LONDON – Air Tanzania has been marred with mismanagement since its heyday. Is it now catching up? Or is it a series of unfortunate events which led to the grounding of their modern Airbus A220 fleet?
The Tanzanian flag carrier, Air Tanzania is the latest carrier to succumb to A220s problems, which forced the airline to ground the aircraft type indefinitely due to a technical problem with its engines. The problem, however, traces back as far as the year 2014.
Air Tanzania has made a statement on its Pratt & Whitney engines: “Due to the worldwide technical challenges of the PW1524G-3 engines used in Airbus A220-300 aircraft and in accordance with safety requirements, we have been following professional guidelines to provide the best and safe service. And sometimes we take the planes out.”
This has inevitably led the airline to shave and cancel some flights depending on aircraft availability.

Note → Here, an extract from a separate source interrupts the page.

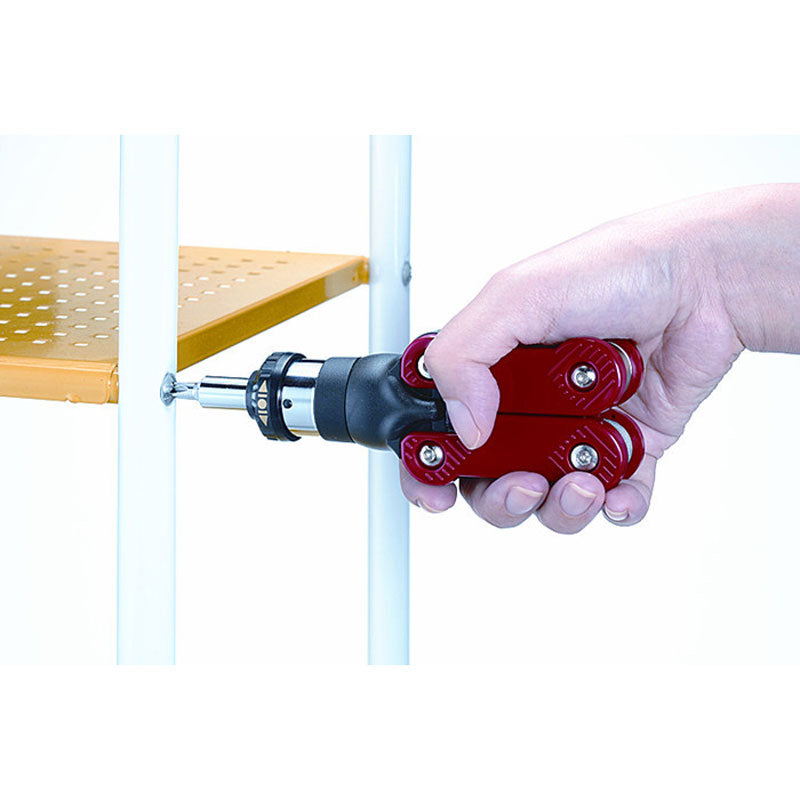 15 In 1 Pocket Screwdriver Hex Wrench Kit Ratchet Handle Screwdriver Hardware Tools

The airline also pointed blamed the engine manufacturer that it had prolonged reliability issues with the Pratt & Whitney GTF turbofan engines negatively impacting the A220 operations.
As of this moment, the deep technicalities of the fault on the engines not go deep the technicalities of the engines on the aircraft engine itself nor did the airline indicate a timeline for which these matters will be resolved.

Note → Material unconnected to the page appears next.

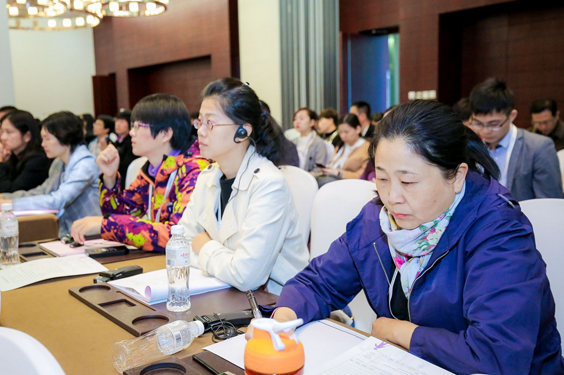 2018 inclusive International Forum on Education and Assistive Device Applications for developmental Disabled Children Successfully Ended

Ladislaus Matindi AirInsight, Chief Executive Officer, stated: “Until the engines are in the repair shop, we cannot know exactly when we shall get relief. And because this problem is not particular to Air Tanzania but applies to all operators of the GTF, there are not even enough spare engines to keep us going as the affected engines visit the repair shop.”
So it is not Air Tanzania’s fault after all
The problem with the engines dates back to 2014 when the A220 was called the C-Series. At that time Bombardier owned the C-Series which was still at an early stage of launch. On May 29th of that year during a test flight, there was an uncontained engine failure in which parts parted from the main engine, promoting scare.

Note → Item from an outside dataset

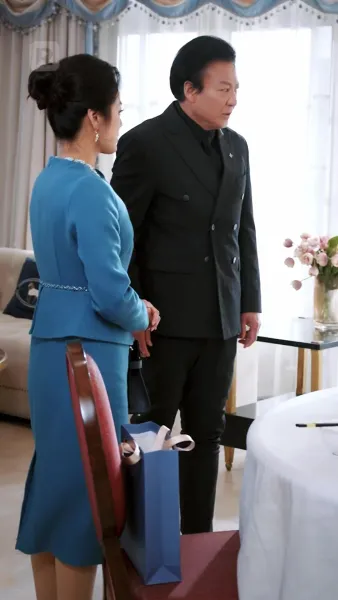 แม่ฉันเป็นเศรษฐีพันล้านเหรอ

Bombardier then led an investigation which took 3 months and quietly buried findings and did not expose much information. The aeroplane was flying normally again when deliveries to airlines were made. At this stage, engine problems were not the centre of attention.
Until it bites back…
Indeed after many years of burial, in December 2018, an incident occurred with Korean Air A220. The plane suffered an engine low-pressure compressor which forced the Korean flag carrier to turn back. Yet another in June 2019, where a Delta Airlines A220 had to perform a go-around at New York’s La Guardia due to asymmetrical power where the left engine did not deliver full power.
The launch customer Swiss International Airlines also had issues on 25th July and 16 September, where their A220s had to be delivered after a low-pressure compressor disintegrated on both flights. This shows that the C-Series programme has shown its incompetence in speaking out, which leads airlines like Air Tanzania to bear their own financial brunt.